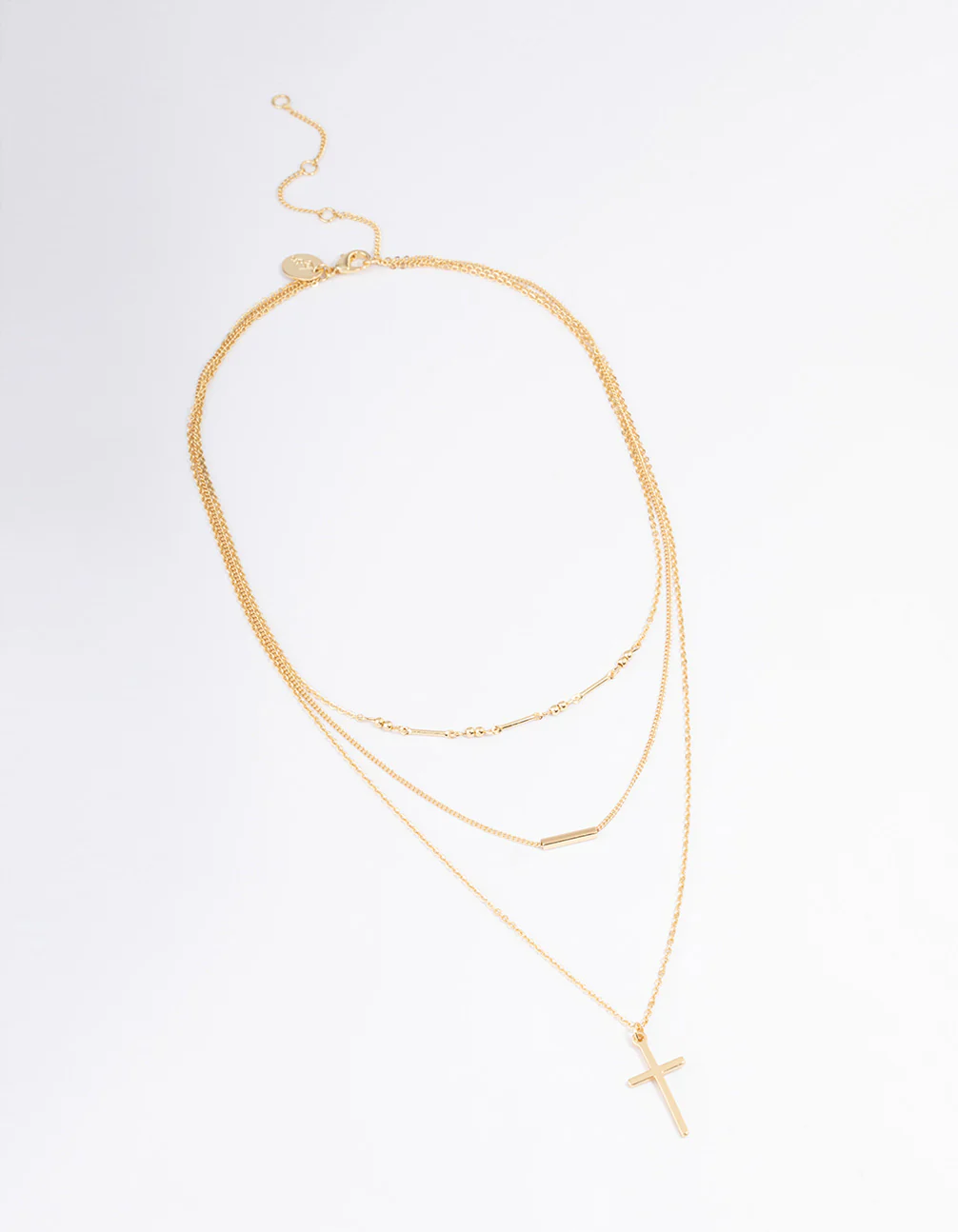 Gold Plated Layer Bar & Cross Layered Necklace - Image 2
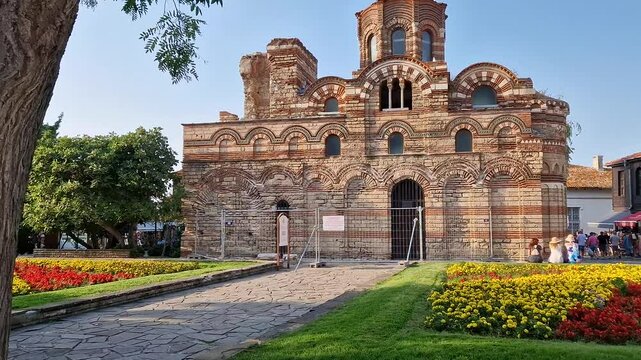 Medieval Eastern Orthodox Church of Christ Pantocrator in the old town of Nessebar, UNESCO world heritage in Bulgaria, ancient Mesembria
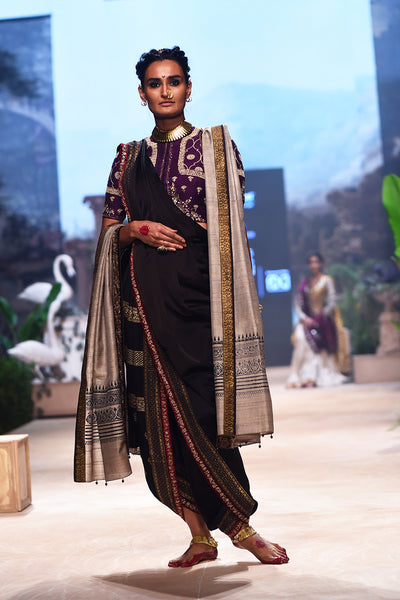 Black printed silk saree set (DMT-12) (FB-16 & DMT-12)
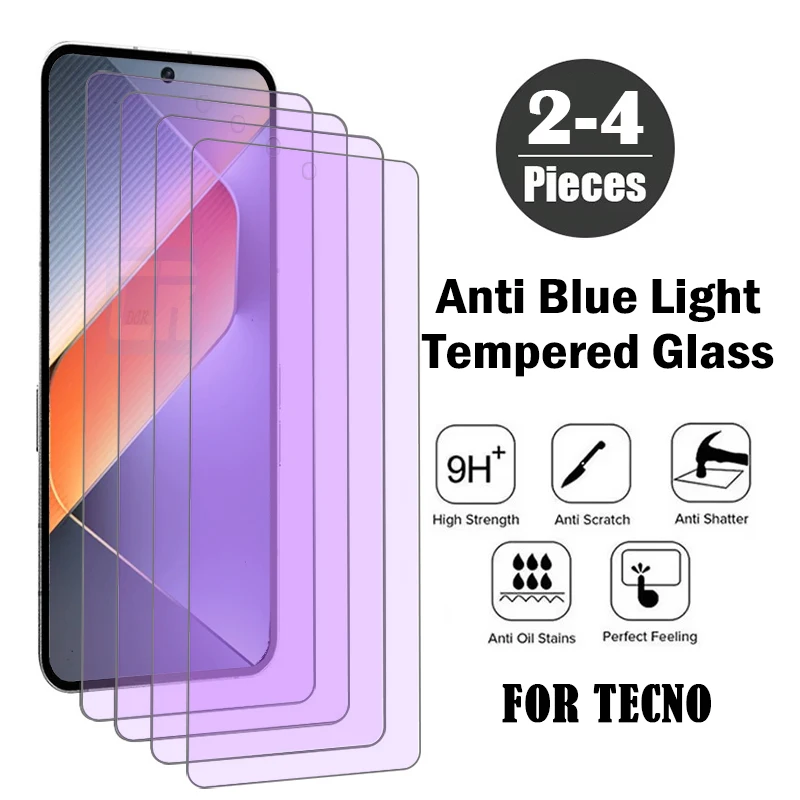 

2-4Piece Anti Blue Light Screen Protector for Tecno Pova 6 5 Pro Neo Tempered Glass for Tecno Pop 9 8 7 6 Pro Protective Film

§ §

■ **Task instructions**
What is needed is an exact repeat of only the lines from the one containing "Black printed silk" through the last line of the listing above, both ends included, without the pictures.

■ **Answer to this task**
 Black printed silk saree set (DMT-12) (FB-16 & DMT-12)

2-4Piece Anti Blue Light Screen Protector for Tecno Pova 6 5 Pro Neo Tempered Glass for Tecno Pop 9 8 7 6 Pro Protective Film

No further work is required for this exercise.